> _Material shown_
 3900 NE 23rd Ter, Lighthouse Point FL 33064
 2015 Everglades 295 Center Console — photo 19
* * *
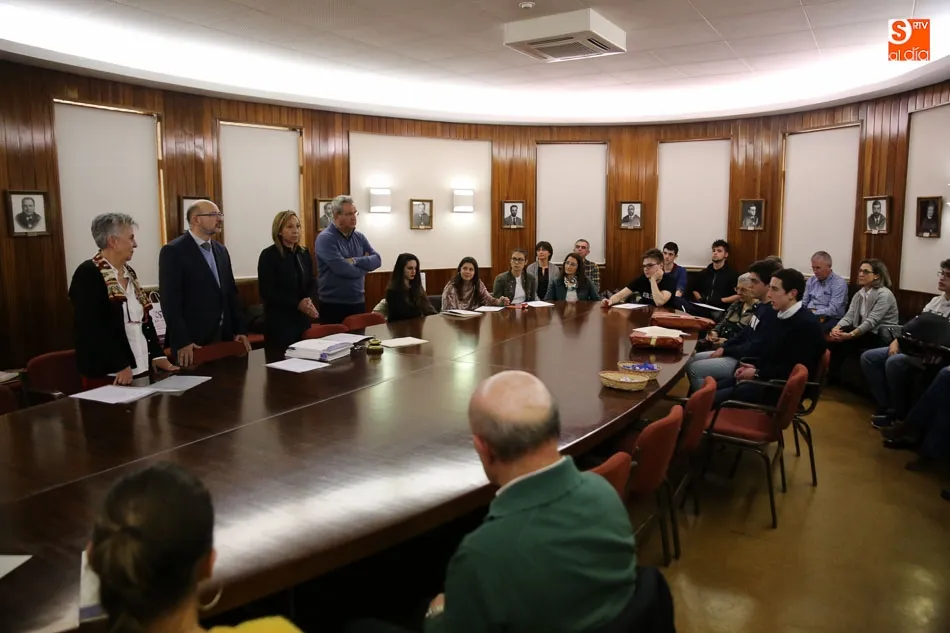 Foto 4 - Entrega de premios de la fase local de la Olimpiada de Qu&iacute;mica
---
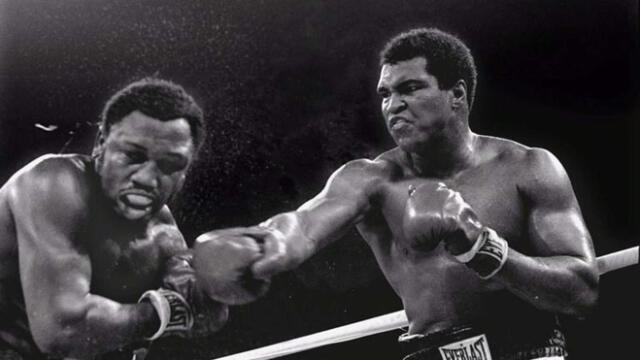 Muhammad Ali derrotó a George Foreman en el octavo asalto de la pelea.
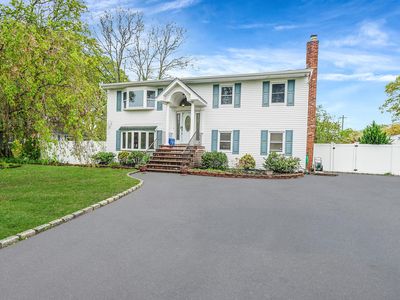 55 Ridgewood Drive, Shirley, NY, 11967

> _What you have to do_
Both end lines included, restate word for word the lines above from the line with "3900 NE 23rd Ter, Lighthouse Point FL 33064" to the line with "2015 Everglades 295", and nothing else.

> _Task response_
 3900 NE 23rd Ter, Lighthouse Point FL 33064
 2015 Everglades 295 Center Console — photo 19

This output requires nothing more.